The other questions remain to be seen. I’m not sure what the NCAA is going to do about scholarship limits going forward, because obviously teams are going to have more than 85 players on scholarship after this season. Some players, though, are not going to take the extra eligibility anyway. As we’ve seen in the past, a lot of guys who don’t have a future playing professional football will get their degree and move on, forfeiting their remaining eligibility. And teams are still going to have a roster crunch, because even if you’re allowed to have 100 guys or so on scholarship instead of 85, there isn’t any additional playing time to go around. You’ve already seen a few guys in the Vanderbilt program essentially take advantage of the free year to go elsewhere in search of more playing time or perhaps a better situation and I expect you’ll see more after the season.

And no, moving guys over to academic scholarships isn’t allowed, at least not in football (or men’s basketball.) If you’re on the team and you’re getting any financial aid from the university, whether it’s an athletic scholarship or Opportunity VU or an academic scholarship, you count against the scholarship limit.

Stanimal: What Tom said.

Andrew VU ‘04: What Stan said about what Tom said, but not what Tom said about what Stan said.
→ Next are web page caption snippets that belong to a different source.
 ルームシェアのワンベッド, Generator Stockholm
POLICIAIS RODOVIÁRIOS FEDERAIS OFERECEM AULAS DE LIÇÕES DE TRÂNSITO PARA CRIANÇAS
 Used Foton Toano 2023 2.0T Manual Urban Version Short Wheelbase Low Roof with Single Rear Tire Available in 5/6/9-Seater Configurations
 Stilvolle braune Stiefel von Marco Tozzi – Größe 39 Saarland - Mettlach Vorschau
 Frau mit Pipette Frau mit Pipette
DoreonthePlains: Andrew confused me, so just pay attention to Tom.

Question from Parlagi:

Vanderbilt football has always provided gleeful moments through the years — a nuclear bomb disguising itself as Jamie Duncan at MLB, Jay Cutler gunslinging like an even more irresponsible Rex Grossman, and Carey Spear SPEEEEEEEEEEARING through kick returners like a lunatic.
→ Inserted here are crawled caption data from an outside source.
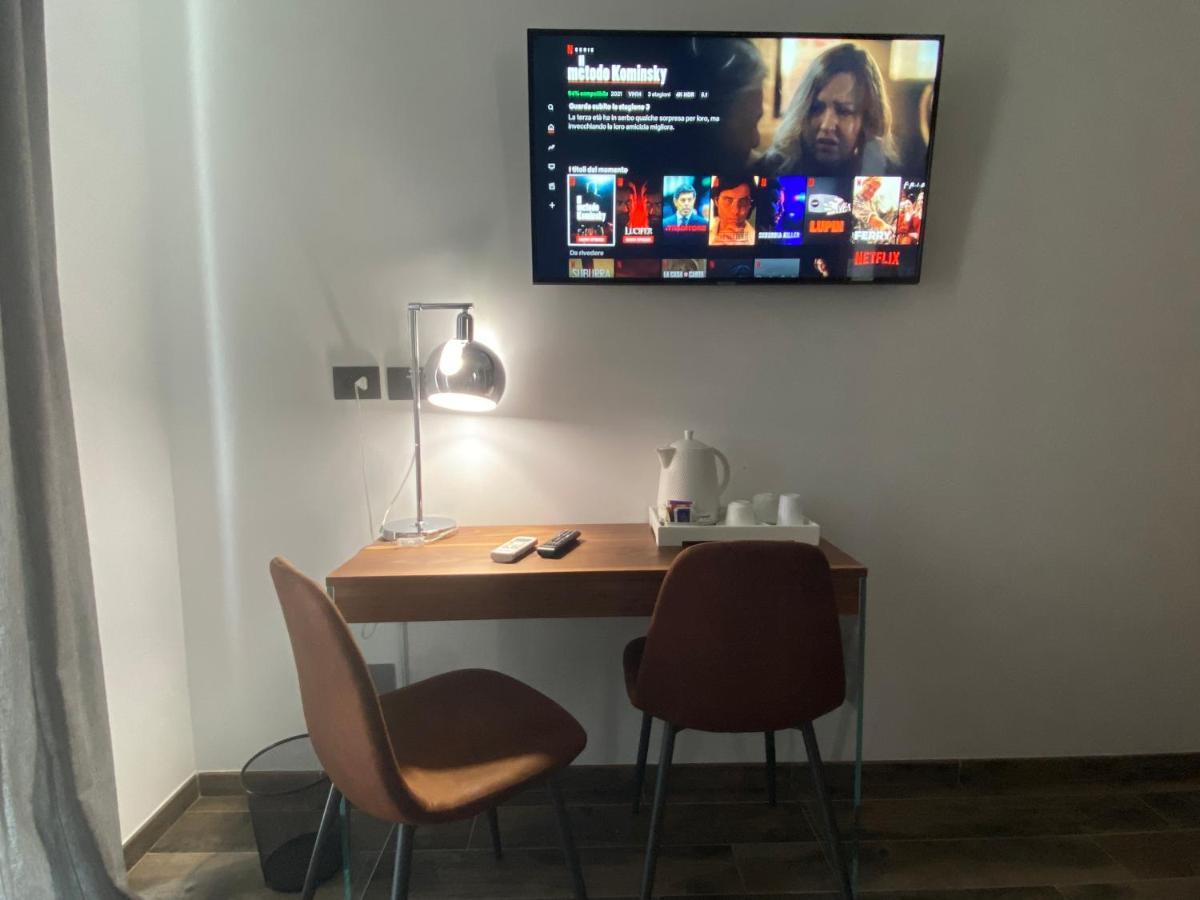 Holiday Guesthouse Salerno Ruang foto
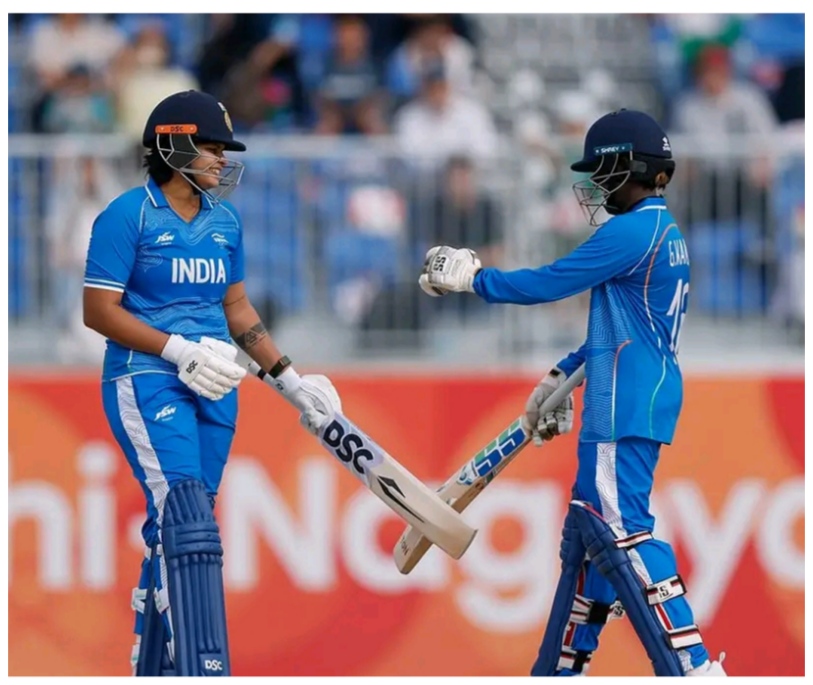 এশিয়ান গেমসে (Asian Games) পদক জয়ের আরও এক ধাপ কাছে পৌঁছে গেল ভারতীয় মহিলা ক্রিকেট দল। কোয়ার্টার ফাইনালে জাপানকে কার্যত একতরফা ম্যাচে ৮ উইকেটে হারিয়ে সেমিফাইনালের টিকিট নিশ্চিত করলেন হরমনপ্রীত কৌরেরা (Harmanpreet Kaur)।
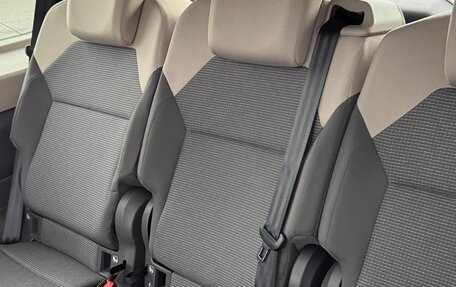 Volkswagen Multivan, 2023 год, 5 300 000 рублей, 10 фотография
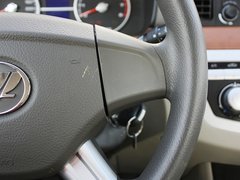 2012款 1.5 手动 豪华型
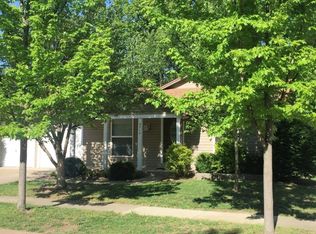 2412 Village Glen Ct, Maryland Heights, MO 63043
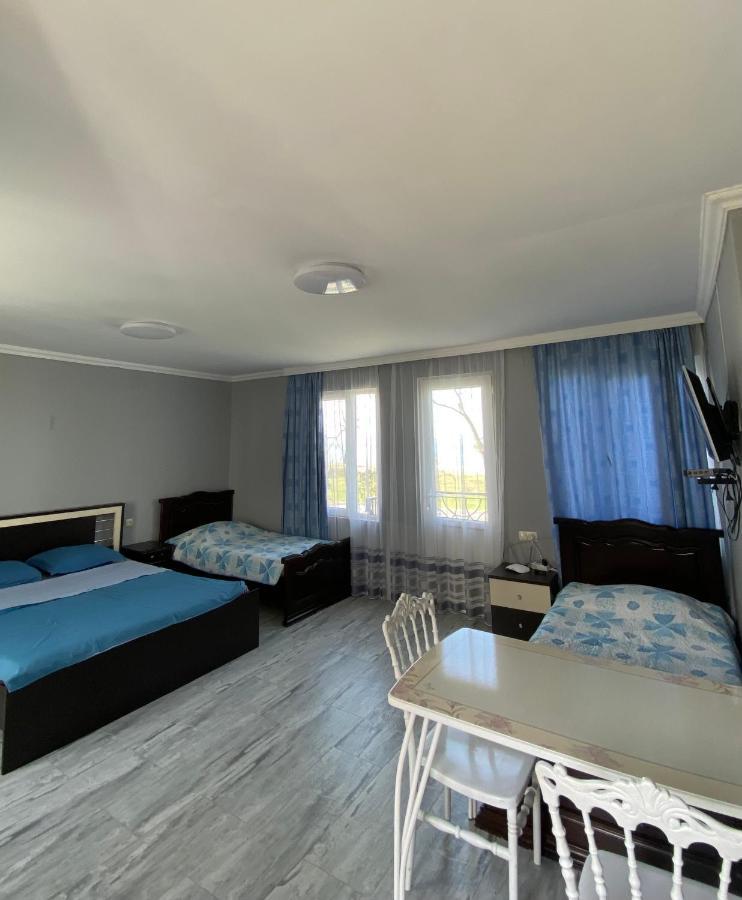 House On Moryakov 55 Aparthotel Chakvi Rum bild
So what have been your favorite fun moments from 2014-present? I know they’ve been there, but my first thoughts are usually stuff like a baby giraffe at QB, giving up 700 yards to Baylor in a bowl game, and last year’s offense wasting Vaughn, Pinkney, and Lipscomb. I feel like I’m being unduly harsh.
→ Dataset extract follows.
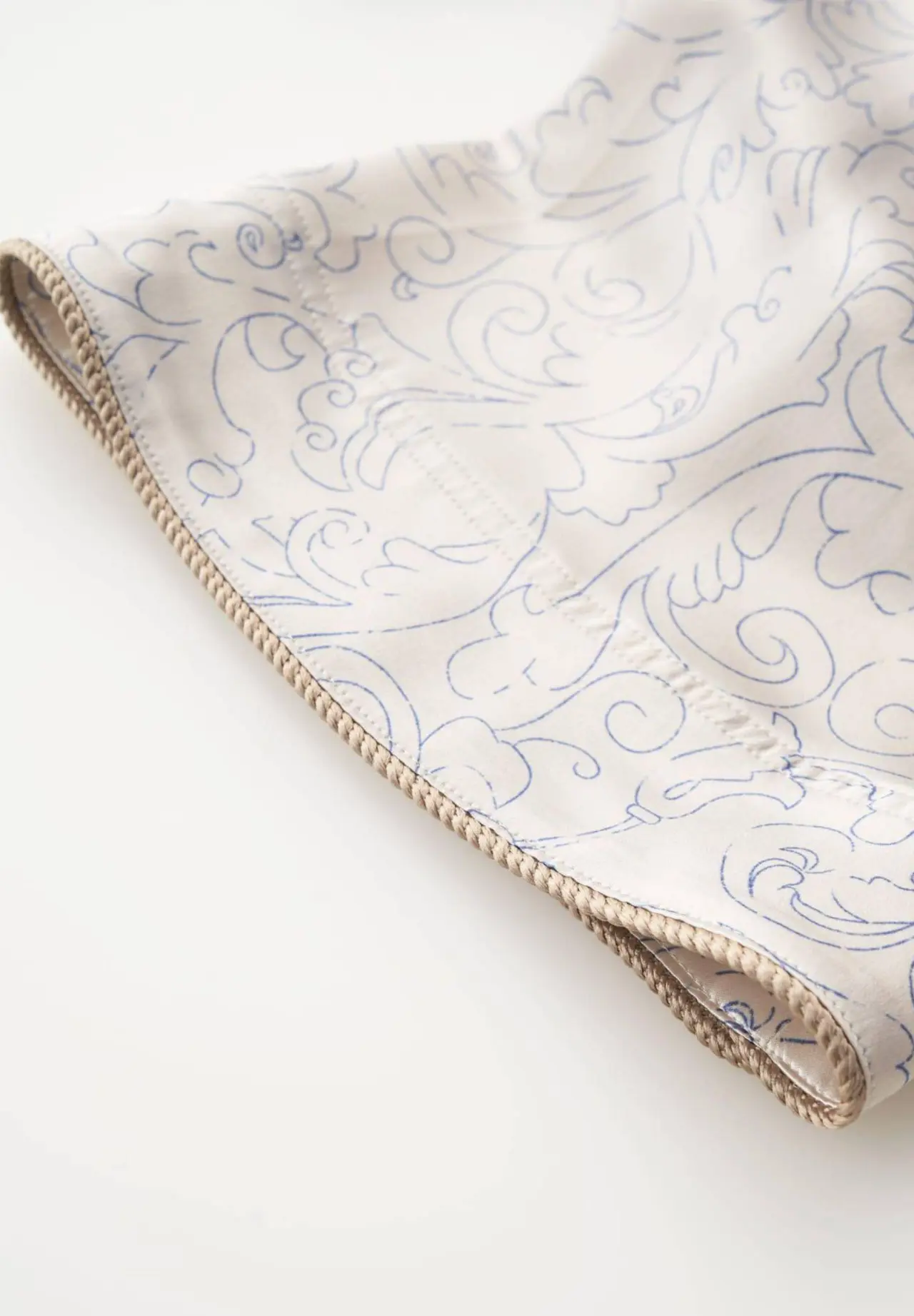 Interior Like Silk Pajama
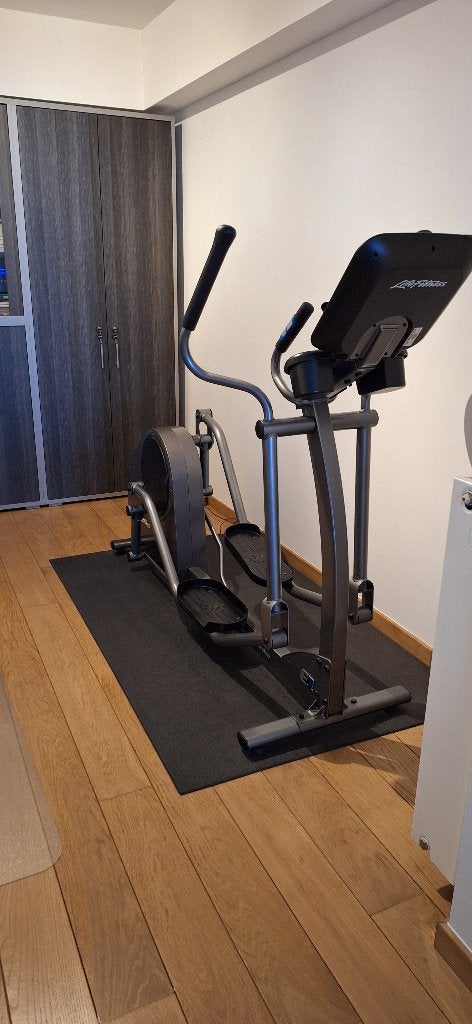 Crosstrainer Life Fitness met Track Connect 2.0 Console, Ophalen, Zo goed als nieuw, Armen, Crosstrainer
(I was going to pick Mo Hasan beating Missouri, but even that wound up with him concussed halfway through. And we never saw him again.)

Answers from AoG:

Tom Stephenson: There was that time Zach Cunningham jumped over an offensive lineman to block a kick.

Stanimal: On the 700 yard Baylor game, Ke’Shawn Vaughn’s 243 yards on 13 carries was the most fun I’ve had in two years. (Also owning terrible Tennessee teams has been nice.)

Andrew VU ‘04: My favorite moments of the Mason era have been our collective bits of gallows humor on this very website. If you were to give me the Faustian bargain of us keeping The Old Bald Poach, but never having come up with The Het-O-Meter, never openly campaigning for Nadia Harvin to be our next head coach, and missing out on the hilarity of Knoxville’s Elder God, Vocokyteps, I would have to seriously think it over. I may need help. OO.

DoreonthePlains: It The Ole Miss and Tennessee games in 2016 and 2018 were pretty awesome, especially 2016 when it looked like Andy Ludwig’s offense had found its footing with 2 more years of Kyle Shurmur. Also, Adam Butler hugging UMass’s kicker is a really underratedly hilarious moment. You just have to ignore the fact we were a chip shot field goal from OT against UMass.